Segment Start: Material for this exercise
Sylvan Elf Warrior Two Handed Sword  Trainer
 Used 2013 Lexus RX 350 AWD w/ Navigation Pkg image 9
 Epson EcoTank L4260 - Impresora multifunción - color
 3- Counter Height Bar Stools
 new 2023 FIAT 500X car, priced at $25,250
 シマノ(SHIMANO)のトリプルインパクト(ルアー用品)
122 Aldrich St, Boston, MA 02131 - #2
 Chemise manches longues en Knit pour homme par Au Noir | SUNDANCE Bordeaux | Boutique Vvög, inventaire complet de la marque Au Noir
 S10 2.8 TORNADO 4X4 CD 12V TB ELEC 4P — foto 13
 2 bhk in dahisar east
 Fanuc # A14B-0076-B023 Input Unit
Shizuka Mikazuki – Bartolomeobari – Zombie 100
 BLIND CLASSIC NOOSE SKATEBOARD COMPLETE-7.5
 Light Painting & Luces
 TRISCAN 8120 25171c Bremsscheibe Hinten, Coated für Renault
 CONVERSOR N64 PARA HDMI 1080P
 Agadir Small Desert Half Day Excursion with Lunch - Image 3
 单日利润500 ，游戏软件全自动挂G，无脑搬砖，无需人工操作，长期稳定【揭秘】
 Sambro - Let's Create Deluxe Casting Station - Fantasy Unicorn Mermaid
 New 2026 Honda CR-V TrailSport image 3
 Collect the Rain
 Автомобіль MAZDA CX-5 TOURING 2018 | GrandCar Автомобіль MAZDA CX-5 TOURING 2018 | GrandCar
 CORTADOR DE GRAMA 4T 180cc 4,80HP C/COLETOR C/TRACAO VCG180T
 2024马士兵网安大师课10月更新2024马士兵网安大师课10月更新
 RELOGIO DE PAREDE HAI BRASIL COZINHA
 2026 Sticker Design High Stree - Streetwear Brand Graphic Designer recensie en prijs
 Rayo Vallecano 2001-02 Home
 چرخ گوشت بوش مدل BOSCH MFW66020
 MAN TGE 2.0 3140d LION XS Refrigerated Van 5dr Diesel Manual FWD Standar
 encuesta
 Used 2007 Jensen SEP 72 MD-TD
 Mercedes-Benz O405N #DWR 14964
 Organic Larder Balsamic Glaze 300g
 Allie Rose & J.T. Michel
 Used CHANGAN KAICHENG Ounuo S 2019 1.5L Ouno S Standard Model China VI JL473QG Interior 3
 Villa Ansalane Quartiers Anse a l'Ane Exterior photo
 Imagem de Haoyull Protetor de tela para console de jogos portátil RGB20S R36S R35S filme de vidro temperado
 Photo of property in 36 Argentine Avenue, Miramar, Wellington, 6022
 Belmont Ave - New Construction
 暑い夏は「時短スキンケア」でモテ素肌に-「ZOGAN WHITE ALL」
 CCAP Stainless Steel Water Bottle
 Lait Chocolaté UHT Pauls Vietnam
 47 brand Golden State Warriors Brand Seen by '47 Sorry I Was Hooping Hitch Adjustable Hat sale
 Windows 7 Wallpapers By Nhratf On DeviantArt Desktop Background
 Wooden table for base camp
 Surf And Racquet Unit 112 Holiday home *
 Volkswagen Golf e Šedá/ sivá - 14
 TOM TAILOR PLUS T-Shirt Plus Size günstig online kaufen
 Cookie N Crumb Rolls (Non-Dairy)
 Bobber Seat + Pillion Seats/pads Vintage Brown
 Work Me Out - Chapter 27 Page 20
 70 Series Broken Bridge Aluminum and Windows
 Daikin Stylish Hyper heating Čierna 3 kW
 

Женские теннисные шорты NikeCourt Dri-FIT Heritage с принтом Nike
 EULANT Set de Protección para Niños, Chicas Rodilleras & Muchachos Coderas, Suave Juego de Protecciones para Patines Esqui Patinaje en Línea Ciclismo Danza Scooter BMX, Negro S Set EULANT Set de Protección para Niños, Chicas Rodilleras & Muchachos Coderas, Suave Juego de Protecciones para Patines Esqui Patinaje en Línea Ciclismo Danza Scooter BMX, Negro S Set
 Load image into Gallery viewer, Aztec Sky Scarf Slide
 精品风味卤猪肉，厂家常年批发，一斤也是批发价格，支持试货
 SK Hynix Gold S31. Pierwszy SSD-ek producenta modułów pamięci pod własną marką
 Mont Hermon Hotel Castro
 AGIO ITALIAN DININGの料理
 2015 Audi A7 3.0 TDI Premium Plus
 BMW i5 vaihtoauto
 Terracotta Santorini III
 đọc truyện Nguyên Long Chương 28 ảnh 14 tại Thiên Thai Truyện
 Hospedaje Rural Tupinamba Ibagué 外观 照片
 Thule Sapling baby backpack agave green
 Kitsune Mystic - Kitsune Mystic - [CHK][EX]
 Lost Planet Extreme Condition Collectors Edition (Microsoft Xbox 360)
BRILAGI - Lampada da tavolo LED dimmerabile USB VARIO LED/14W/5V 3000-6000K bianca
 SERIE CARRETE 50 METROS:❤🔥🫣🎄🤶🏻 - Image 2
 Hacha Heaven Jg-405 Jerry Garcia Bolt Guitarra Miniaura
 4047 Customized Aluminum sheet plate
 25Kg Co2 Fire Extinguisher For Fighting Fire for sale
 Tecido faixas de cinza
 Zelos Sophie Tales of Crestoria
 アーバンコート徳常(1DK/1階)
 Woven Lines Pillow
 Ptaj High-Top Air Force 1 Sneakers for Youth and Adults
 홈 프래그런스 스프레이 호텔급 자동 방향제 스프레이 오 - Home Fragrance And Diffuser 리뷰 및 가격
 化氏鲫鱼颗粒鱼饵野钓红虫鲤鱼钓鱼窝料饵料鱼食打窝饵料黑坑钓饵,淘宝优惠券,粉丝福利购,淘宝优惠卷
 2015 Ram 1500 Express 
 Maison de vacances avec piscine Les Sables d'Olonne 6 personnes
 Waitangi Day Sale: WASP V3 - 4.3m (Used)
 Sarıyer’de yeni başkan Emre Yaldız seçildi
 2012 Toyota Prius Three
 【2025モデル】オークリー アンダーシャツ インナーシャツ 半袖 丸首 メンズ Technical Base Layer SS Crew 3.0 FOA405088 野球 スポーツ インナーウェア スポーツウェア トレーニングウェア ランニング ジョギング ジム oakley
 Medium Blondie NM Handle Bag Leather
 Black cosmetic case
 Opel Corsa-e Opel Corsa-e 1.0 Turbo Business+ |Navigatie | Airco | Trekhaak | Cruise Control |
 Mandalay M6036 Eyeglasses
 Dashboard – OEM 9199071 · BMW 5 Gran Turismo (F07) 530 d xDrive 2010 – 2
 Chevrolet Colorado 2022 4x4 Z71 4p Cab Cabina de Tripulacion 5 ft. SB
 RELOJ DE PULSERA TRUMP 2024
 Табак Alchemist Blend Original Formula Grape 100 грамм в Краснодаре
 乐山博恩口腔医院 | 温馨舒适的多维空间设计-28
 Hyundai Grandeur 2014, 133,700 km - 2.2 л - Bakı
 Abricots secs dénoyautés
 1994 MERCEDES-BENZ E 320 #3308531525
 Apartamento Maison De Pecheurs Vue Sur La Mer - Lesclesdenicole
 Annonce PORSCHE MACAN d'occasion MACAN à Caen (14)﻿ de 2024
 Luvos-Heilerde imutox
Segment End: Material for this exercise
* [Exercise]
With the line holding "Work Me Out - Chapter 27 Page 20" as the first and the line holding "Женские теннисные шорты" as the last, set down that range of the entries above exactly, and nothing else.

* [Expected answer]
 Work Me Out - Chapter 27 Page 20
 70 Series Broken Bridge Aluminum and Windows
 Daikin Stylish Hyper heating Čierna 3 kW
 

Женские теннисные шорты NikeCourt Dri-FIT Heritage с принтом Nike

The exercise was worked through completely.